Francesco Pasqualetti, che possiamo considerare uno specialista di questa partitura, dirige con mano sicura, edificando con l’Orchestra Filarmonica una struttura sonora solida, continua e per qualche verso, monumentale. E pensando all’Italia risorgimentale di quel periodo (1868-1875 sono le date del primo Mefistofele, segnato dall’insuccesso, distrutto dal suo stesso autore e dell’attuale forma riscritta), quella che porterà ai monumenti equestri di Vittorio Emanuele II ed ai pensosi Cavour in ogni Piazza d’Italia, il concetto non ci pare sbagliato.

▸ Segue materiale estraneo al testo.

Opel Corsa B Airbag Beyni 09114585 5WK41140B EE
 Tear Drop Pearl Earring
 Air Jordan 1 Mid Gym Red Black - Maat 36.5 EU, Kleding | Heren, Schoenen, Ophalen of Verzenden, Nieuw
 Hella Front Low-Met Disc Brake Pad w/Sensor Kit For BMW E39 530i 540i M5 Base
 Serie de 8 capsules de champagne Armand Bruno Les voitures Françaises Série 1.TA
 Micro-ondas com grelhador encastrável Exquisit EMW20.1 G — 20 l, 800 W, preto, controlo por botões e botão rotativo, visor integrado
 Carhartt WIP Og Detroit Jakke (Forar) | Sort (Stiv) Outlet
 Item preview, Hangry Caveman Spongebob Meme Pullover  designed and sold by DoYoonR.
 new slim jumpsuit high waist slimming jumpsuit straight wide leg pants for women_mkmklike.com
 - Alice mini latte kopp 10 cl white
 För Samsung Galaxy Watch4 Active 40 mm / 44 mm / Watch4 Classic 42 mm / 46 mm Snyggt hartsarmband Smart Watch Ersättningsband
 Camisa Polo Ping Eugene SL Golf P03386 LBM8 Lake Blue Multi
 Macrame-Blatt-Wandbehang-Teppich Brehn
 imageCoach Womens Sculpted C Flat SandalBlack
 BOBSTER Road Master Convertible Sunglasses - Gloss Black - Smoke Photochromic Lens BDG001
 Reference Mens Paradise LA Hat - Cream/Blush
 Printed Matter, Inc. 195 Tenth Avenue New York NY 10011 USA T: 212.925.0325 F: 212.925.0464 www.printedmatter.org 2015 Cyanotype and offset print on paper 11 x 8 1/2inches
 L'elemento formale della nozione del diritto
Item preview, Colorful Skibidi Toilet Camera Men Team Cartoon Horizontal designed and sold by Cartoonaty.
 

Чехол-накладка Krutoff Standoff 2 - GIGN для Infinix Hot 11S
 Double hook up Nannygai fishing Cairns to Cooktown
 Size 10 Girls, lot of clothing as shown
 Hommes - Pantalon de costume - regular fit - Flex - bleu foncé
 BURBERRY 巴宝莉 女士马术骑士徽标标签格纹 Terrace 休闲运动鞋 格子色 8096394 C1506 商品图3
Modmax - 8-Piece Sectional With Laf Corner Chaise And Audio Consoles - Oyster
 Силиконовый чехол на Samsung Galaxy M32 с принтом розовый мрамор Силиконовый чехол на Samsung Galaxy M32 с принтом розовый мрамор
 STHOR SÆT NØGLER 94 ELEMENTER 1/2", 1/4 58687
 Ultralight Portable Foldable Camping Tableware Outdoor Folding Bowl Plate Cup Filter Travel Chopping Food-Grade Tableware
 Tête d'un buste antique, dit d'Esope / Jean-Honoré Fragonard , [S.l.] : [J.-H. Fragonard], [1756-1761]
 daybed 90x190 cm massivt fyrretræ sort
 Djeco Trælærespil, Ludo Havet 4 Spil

Rimane però poco spazio, questo va detto, per le numerose parentesi liriche delle quali Arrigo Boito ha pervaso la partitura, con un senso di caligine oppressiva generale e qualche suono purtroppo fuori controllo nella impegnatissima sezione degli ottoni. Sul palcoscenico, il coro, che in Mefistofele riverbera ora le voci celesti, ora le voci terrene, ora quelle delle forze del male, ha assolto il difficilissimo compito con indubbio valore. Due compagini si sono unite per questa occasione, il Coro Lirico di Modena e il Coro del Teatro Municipale di Piacenza per la direzione di Carlo Casati. Ragguardevole anche la prestazione delle Voci Bianche del Teatro Comunale, istruite da Paolo Gattolin, nitide e puntuali in episodi ritmicamente molto impegnativi, come il “Siam nimbi volanti dai limbi/ Nei santi splendori vaganti” del Prologo in Cielo.
Simon Lim, nei panni di Mefistofele, si è distinto in ragione di una bella voce di basso cantante, emessa con correttezza e sostenuta con personalità. Molto bene nell’atteso incipit del Prologo, “Ave Signor”, vera carte de visite per chi si accinga a misurarsi con questa difficilissima parte e sempre presente, sonoro, incisivo in ogni momento della serata.
Meno definito Antonio Poli, il combattuto deuteragonista Faust, tendente a superare con la forza e il volume vocale i momenti di difficoltà e comunque partecipe ed applicato sempre con punti a suo favore nell’ispirato e granitico finale dell’opera.
Partecipazione ed applicazione indubitabili anche nel soprano Marta Mari, interprete di Margherita nella prima parte dell’opera e di Elena nel Sabba Classico, il cui momento migliore ci è parso quello del carcere e della morte con un commosso “Spunta l’aurora pallida”. Molto bene le parti di fianco affidate a Eleonora Filipponi, Marta; Shay Bloch, Pantalis; Paolo Lardizzone, Wagner; Vincenzo Tremante, Nereo. Quindi, per chiudere la nota, ricordiamo le coreografie di Michele Merola per i danzatori di Agora Coaching Project (a cura di MM Contemporary Dance Company) e Rosanna Giurgola (assistente alla regia e ai costumi), nonché Angelo Sgalambro (video e luci, essenziali nello spettacolo).
Applausi copiosi alla fine. Presente in un palco di prim’ordine con la classe che sempre l’ha contraddistinta, Raina Kabaivanska, protagonista fra l’altro di uno storico Mefistofele scaligero diretto da Gavazzeni nel 1964. E già che siamo in vena di ricordi, un pensiero devoto a Bonaldo Giaiotti e ad Ottavio Garaventa che firmarono il mio primo Mefistofele esattamente cinquant’anni fa.